Кажется, что все что угодно лучше, чем было

– Назовут когда-нибудь эти новые микрорайоны не "хрущобами", а "пущобами"?

– Нет. Присвоить имя нынешнего правителя могли бы, если бы была какая-то новая составляющая. А по тому, что мы знаем, нет повода предполагать эту новую составляющую. Это история, продолжающаяся с советских времен, пережившая модернизацию, обедневшая по дороге, растерявшая правильные социальные параметры, которые были в первых хрущевках, порой приобретающая черты монстра в зависимости от того, как тот или иной строительный комбинат считает нужным приукрасить конкретный дом. Вряд ли эта абсолютно инерционная история получит название, связанное с конкретным периодом. Если вдруг волшебным стечением обстоятельств будет введена какая-то новая идеология этого строительства – неважно, успешная или нет, – может появиться какое-то название. Но только эти "-щобы", что бы перед ними ни стояло, подразумевают некую негативную оценку качества жилья или пространства. Однако никто не называет все эти Куркино никакими "-щобами", считается, что это вполне себе ничего. Нередко появляются фотографии невероятных по антигуманности пространств, которые тоже никакими "-щобами" не называются. То есть у нас знания о том, какое пространство хорошее, какое плохое, настолько низки, нам настолько не с чем сравнивать, что кажется, что все что угодно лучше, чем было. Хрущевки облезлые, текут, панели чуть ли не на улицу вываливаются – и все что угодно лучше, чем они.

Это грустно

– Во время сноса ларьков вы писали: "Когда в нашей стране закончился коммунизм, сменившая его рыночная экономика подразумевала, что человек может разными способами зарабатывать деньги. И сейчас разрушается важная составляющая свободы любой предпринимательской деятельности. В городском пространстве, в столице и особенно в таком городе, как Москва, человеку места не остается. Город воспринимается исключительно как пространство для больших важных событий и масштабных проектов, а горожанин становится, прямо скажем, лишним. Так что индивидуальный предприниматель, на котором держится рыночная экономика, видимо, перестает вписываться в городскую экономику". Сейчас вы произнесли фразу об антигуманности спальных районов. Это можно понять аналогично. Спальные районы антигуманны, значит, они против человека, не человекоцентричны. Снос хрущевок, значит, тоже удар по живому городу?

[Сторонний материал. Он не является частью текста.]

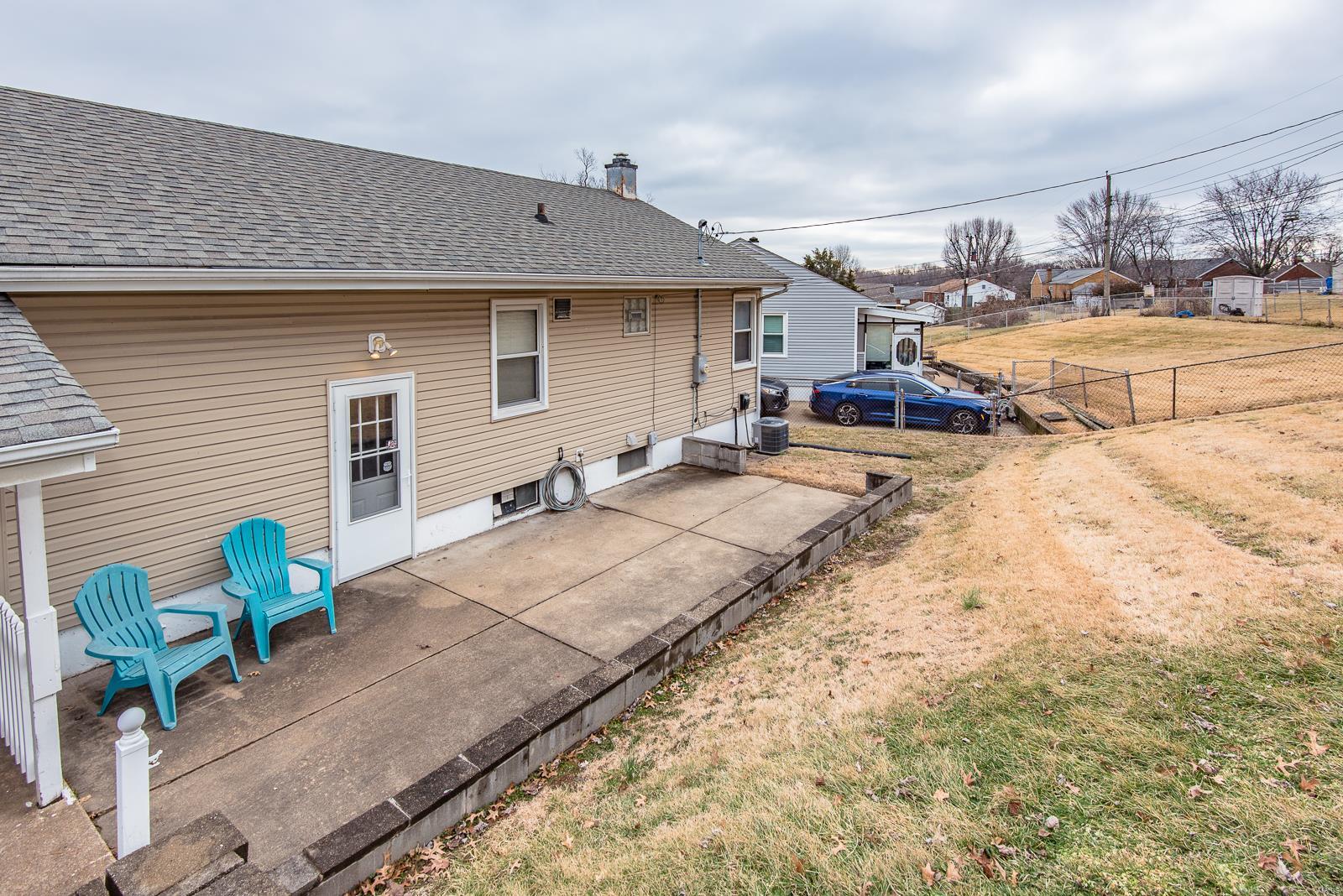 St Louis, Missouri 63125, United States, 2 Bedrooms Bedrooms, ,2 BathroomsBathrooms,Residential,Pending,7578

– С точки зрения того, какими параметрами эти районы обладают, конечно. Отрицательные качества хрущевской застройки связаны прежде всего с качеством строительства – пожалуй, слишком экономичные параметры по количеству квадратных метров на человека, пожалуй, слишком компактные (хотя в городах, где ценится квадратный метр, например в Гонконге, квартира в 25 квадратных метров – вполне себе квартира. Тем не менее, из всей застройки послесталинских времен хрущевская застройка, само пространство, которое было сформировано, – абсолютно жизнеспособное, совершенно актуальное и вполне могло бы быть частью московской типовой застройки, если бы сами дома были качественными. Поэтому, конечно, их жалко. При том масштабном строительстве, которое мы предполагаем, скорее всего, пострадает и озеленение, которое за эти годы сложилось, – ни одна стройка не может, даже если это немецкие строители, бережно относиться к озеленению. Скорее всего, уйдут планировочные решения, которые на самом деле обладали очень нужным масштабом. Это грустно. Я не думаю, что застройка, которая сейчас формируется, будет исходить из наших современных представлений о комфортной среде.

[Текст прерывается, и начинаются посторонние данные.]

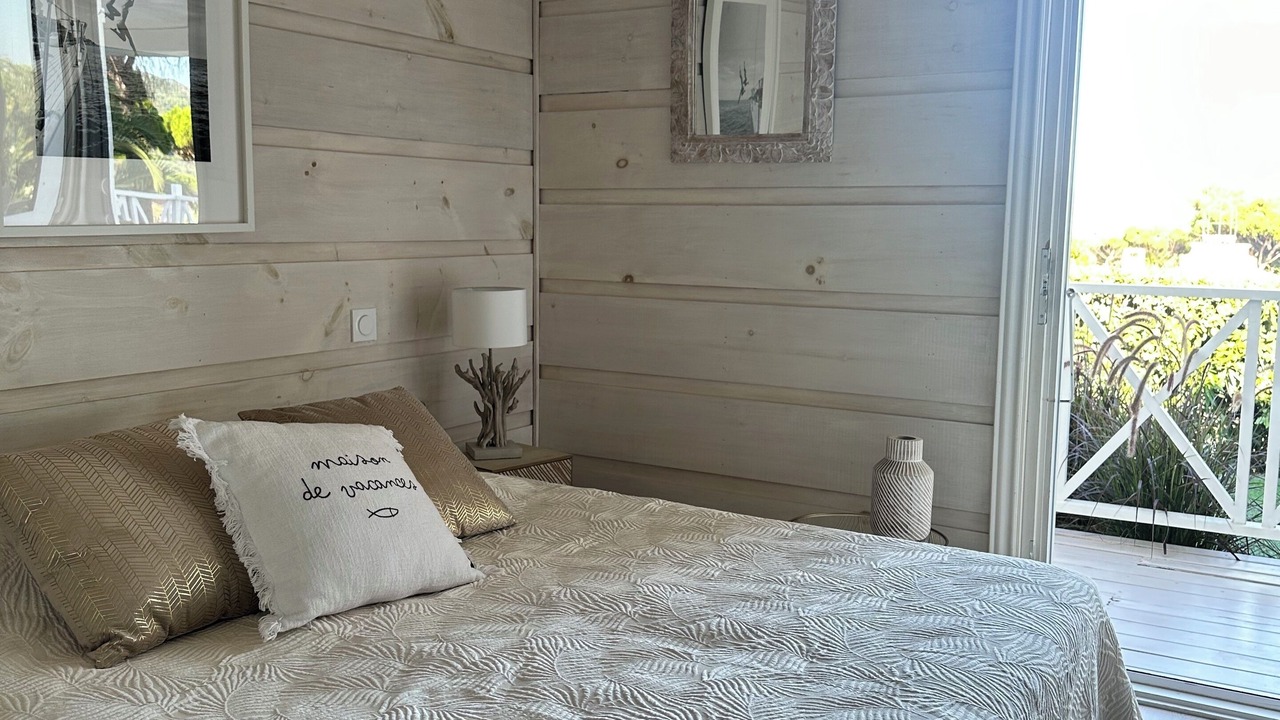 Photo of Bedroom in Gassin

Ужасная жажда что-то сносить

Что же до сноса как явления – у нас все время есть ужасная жажда что-то сносить. Мы не хотим модернизацию проводить, мы хотим что-нибудь снести и на этом месте что-то новое построить. Это вообще большая проблема культуры, потому что мы не можем развивать вещи, мы все время хотим переписывать их заново. Меня это больше беспокоит, чем то, на что мы их меняем: почему мы все время хотим чего-то снести вместо того, чтобы производить какое-то качественное обновление уже существующего контекста. Когда мы говорим, что будем переделывать район с хрущевками, мы понимаем, что он будет полностью уничтожен и на его месте вырастет что-то другое – вместо того, чтобы использовать прежнее как основу и на ней выращивать новое. Если провести исследование, кому где больше нравится жить, мне почему-то кажется, что хрущевские дома будут большим положительным рейтингом пользоваться, чем современные застройки.